Are polynomials with only real zeros log concave functions? In this comment, Richard Stanley mentions that polynomials with only real roots are log concave functions. Can somebody provide a reference for this result? I can't find it anywhere. I am in particular interested to know if the result holds for polynomials in more than one dimension.
Also, does anybody know other results about the log-concavity of polynomials as functions?
(To be clear I'm not talking about log-concave polynomials in the sense that their coefficients form a log-concave sequence.)
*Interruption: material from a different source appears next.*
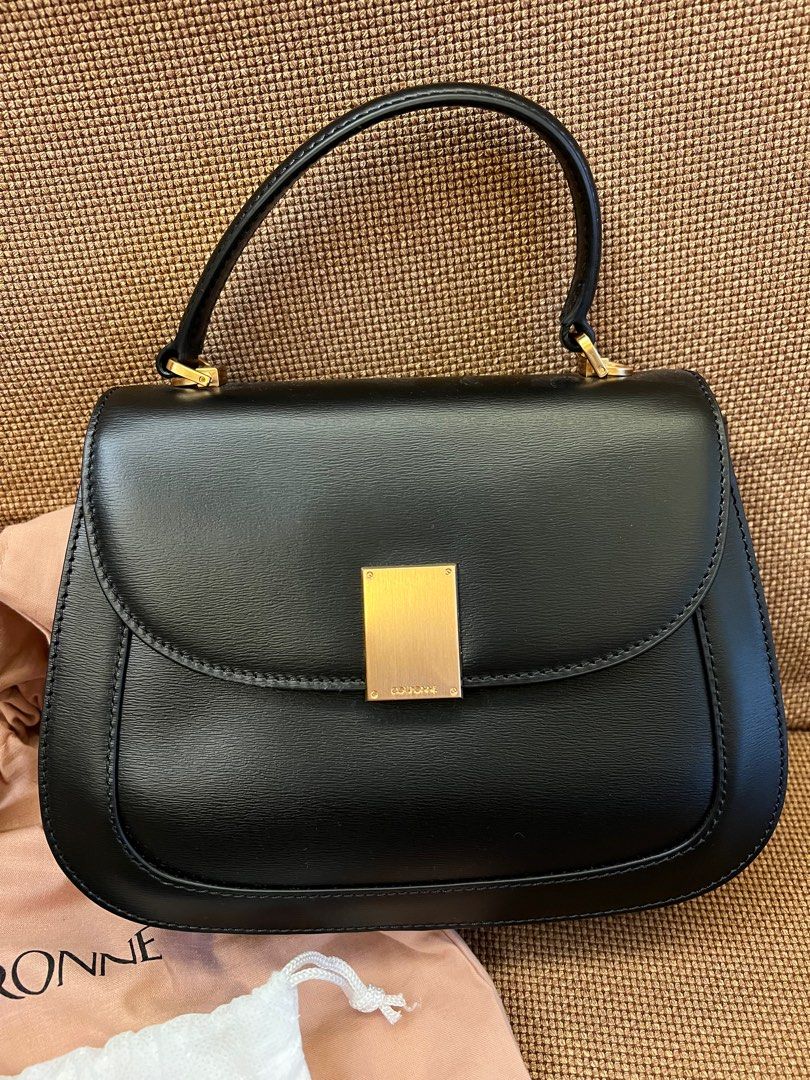Couronne Handbag (Category: Luxury Bags & Wallets) located in Pasay City. Submitted by netuy (Listing ID 1266479029, Image 2). Description: Famous Korean brand used in a lot of k-dramas & by k-pops Curved square shape Embossed plain leather Short top handle Signature metal logo on the flap Adjustable strap Rose gold-tone hardware Magnetic closure Zipper pocket at interior Cow leather.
 A: I'd like to outline possible two ways.
Method 1: Note, this only works when $p$ has negative roots. Then the coefficients of $p$ are positive. We know by Newton's Inequalities that these coefficients form an ultra log-concave sequence. Hence, by Shephard's Theorem (1960), we can realize $p$ as the relative Steiner polynomial $\text{Vol}(K + xL) = \sum_{k=0}^{n} \binom{n}{k} W_{k}(K;L) x^{k}$ of two convex bodies $K,L$. From there, the Brunn-Minkowski Inequality gives you log-concavity of $p$ as a univariate function of $x$.
Method 2: Use the fact that the roots of $p'$ interlacing the roots of $p$ (this is a consequence of the Mean-Value Theorem applied to the intervals $(\lambda_{i},\lambda_{i+1})$ where $\lambda_{1},\dots,\lambda_{n}$ are the roots of $p$). Then use Lemma 10.21 from a lecture note by Shayan O. Gharan on $p$ and $p'$. Note the Wronskian $W[p,p'] = p \cdot p'' - (p')^{2}$ is just the numerator of the second derivative of $\log p(x)$ (its denominator is $p^{2}$). Then use the fact that log-concavity of a function is equivalent to nonpositivity of the second derivative of $\log p(x)$. (Sorry I'm a bit lazy to type out the proof of Lemma 10.21 here).
Best wishes.
EDIT: I embarrassingly realized there is an extremely elementary method, which is just to write $p(x) = \prod_{i=1}^{n} (x - \lambda_{i})$ and then observe that $\log p(x) = \sum_{i=1}^{n} \log (x - \lambda_{i})$. The summation of concave functions is concave and it isn't difficult to verify that each $\log (x - \lambda_{i})$ is concave on their appropriate domain of definition.